** RAW DATA follows **

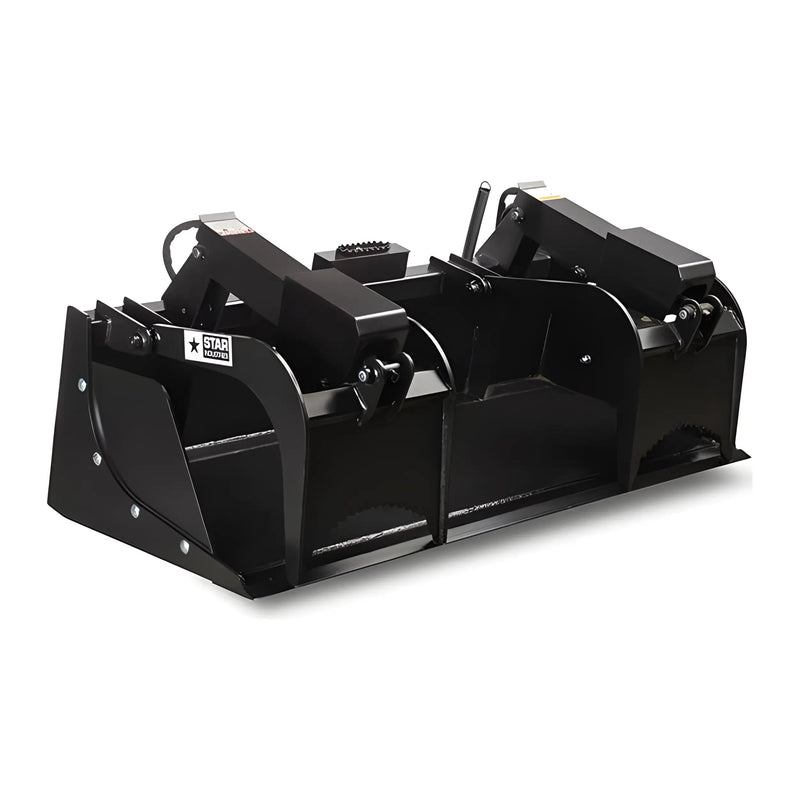 Grapple Bucket for Skid Steer | 66"-84" | Heavy-Duty Steel | Hydraulic Operation | Star Industries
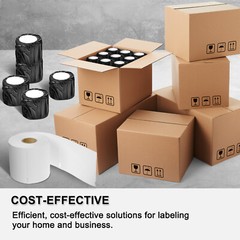 5ROLLS 62mmx100mm Shipping Label 2-3/7″x4″ Compatible Brother QL-810W DK-1202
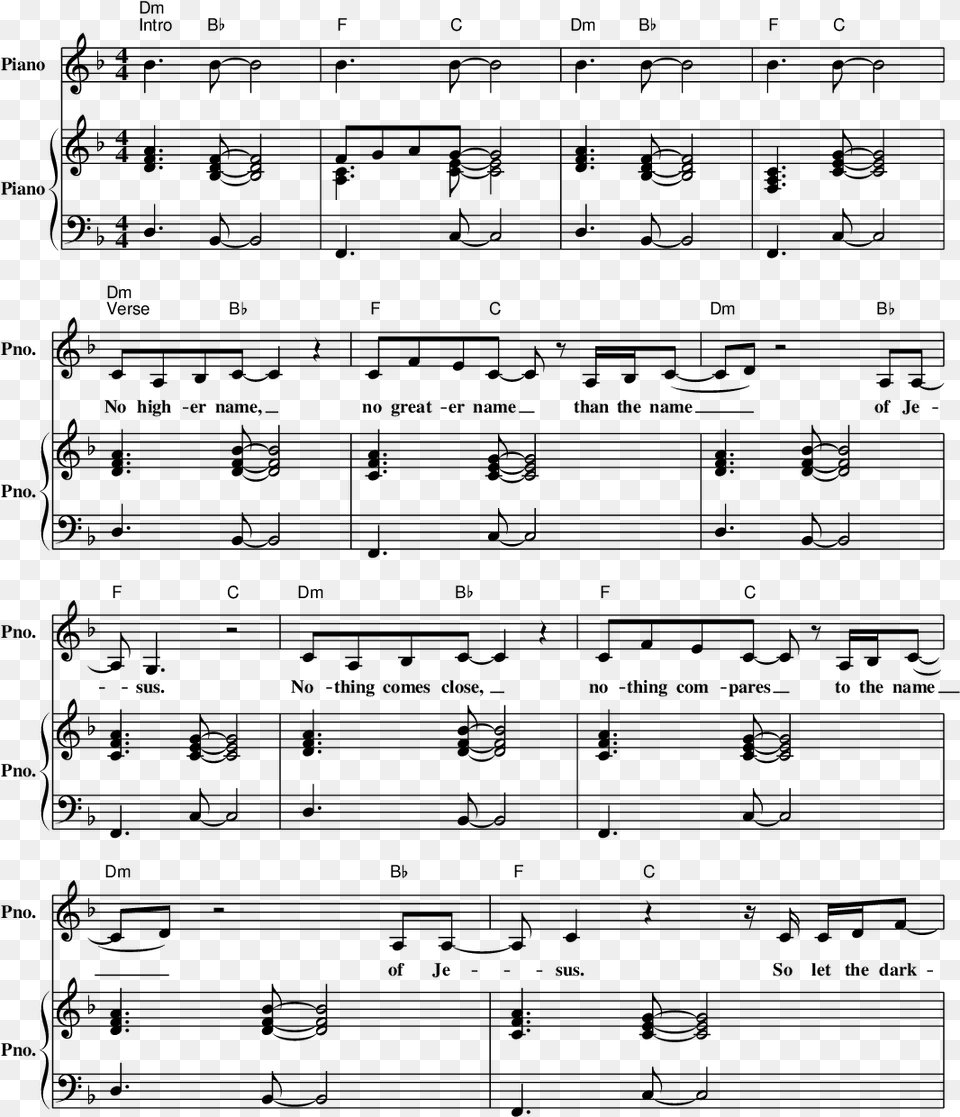 Christmas Lights Chords Music Score Se Tu Me Amas, Gray Free Png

** End of RAW DATA **

** HOW TO COMPLETE THIS TASK **
Your output must consist only of the lines from the line with "5ROLLS 62mmx100mm Shipping" through the final line of the data, both included, reproduced exactly and free of pictures.

** SOLUTION FOR THIS PROBLEM **
 5ROLLS 62mmx100mm Shipping Label 2-3/7″x4″ Compatible Brother QL-810W DK-1202
 Christmas Lights Chords Music Score Se Tu Me Amas, Gray Free Png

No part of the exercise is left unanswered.